Posted in Menacing Monopoly

Google is fleecing publishers: Company made $4.7 billion from the news industry in 2018, study says

This unfair arrangement needs to end.

$4,700,000,000.

It’s more than the combined ticket sales of the last two “Avengers” movies. It’s more than what virtually any professional sports team is worth. And it’s the amount that Google made from the work of news publishers in 2018 via search and Google News, according to a study to be released on Monday by the News Media Alliance.

The journalists who create that content deserve a cut of that $4.7 billion, said David Chavern, the president and chief executive of the alliance, which represents more than 2,000 newspapers across the country, including The New York Times.

“They make money off this arrangement,” Mr. Chavern said, “and there needs to be a better outcome for news publishers.”

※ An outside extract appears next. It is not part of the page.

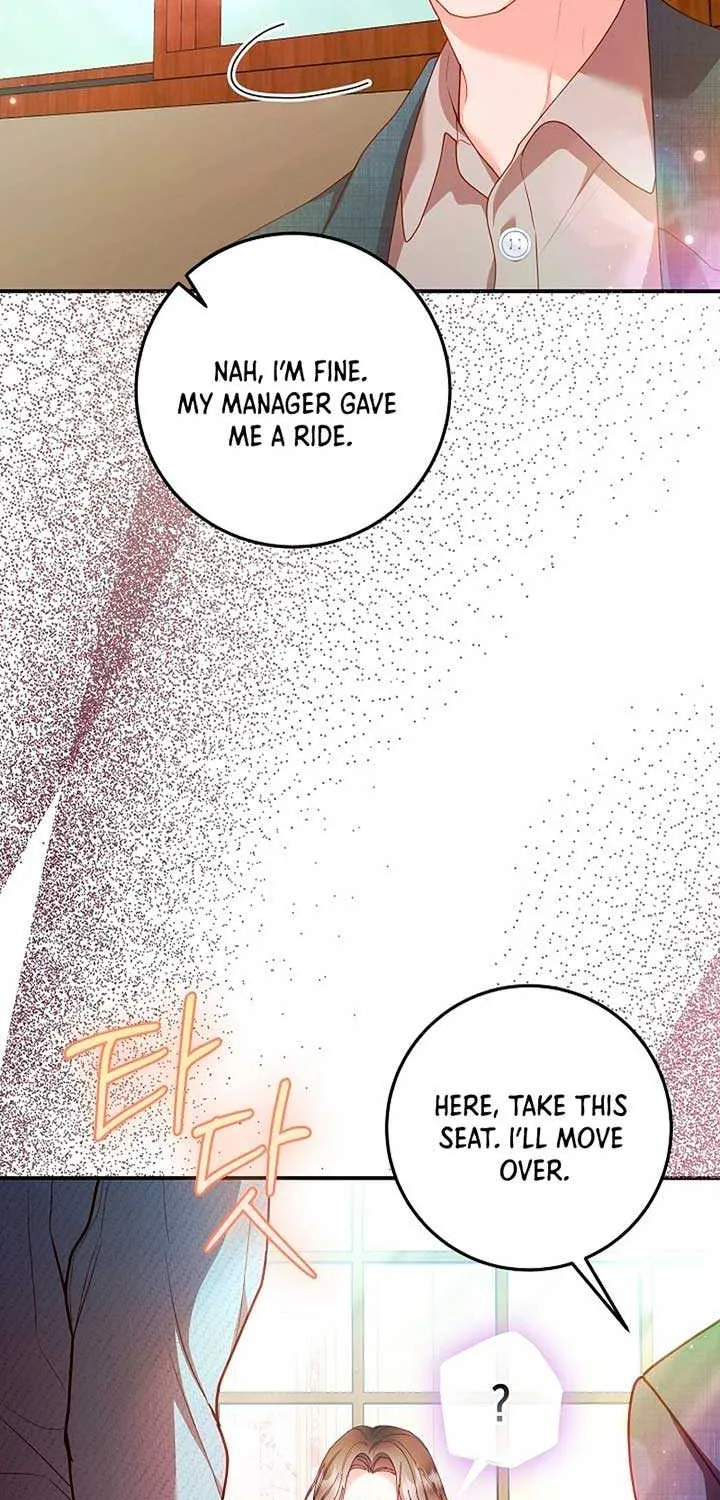 Read Casting Cinderella chapter 32 image 95 on Lezhin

Google, of course, wants to protect this lucrative profit machine, so it has disputed the figures.

But whatever the figures are, the essential point here is that Google is a digital gatekeeper which is using its position to profit at the expense of publishers. Google makes and distributes Google Chrome, it develops Android, the world’s most popular mobile operating system, which it bundles its apps with, it operates the news and web search engines that people use to access information, including news. And of course it makes a lot of money selling advertising.

“If you look at the reason they have such high engagement on their platforms, increasingly news is the No. 1 driver,” media executive Terrance C.Z. Egger told the New York Times. “Given that, they wouldn’t want to see news go away. And yet the unintended consequence is we need to share the revenue or get paid for the content that we produce.”

Yep. Journalism, like other things worth having, isn’t free. Someone has to produce it. If society ceases valuing journalism, there will be less journalism.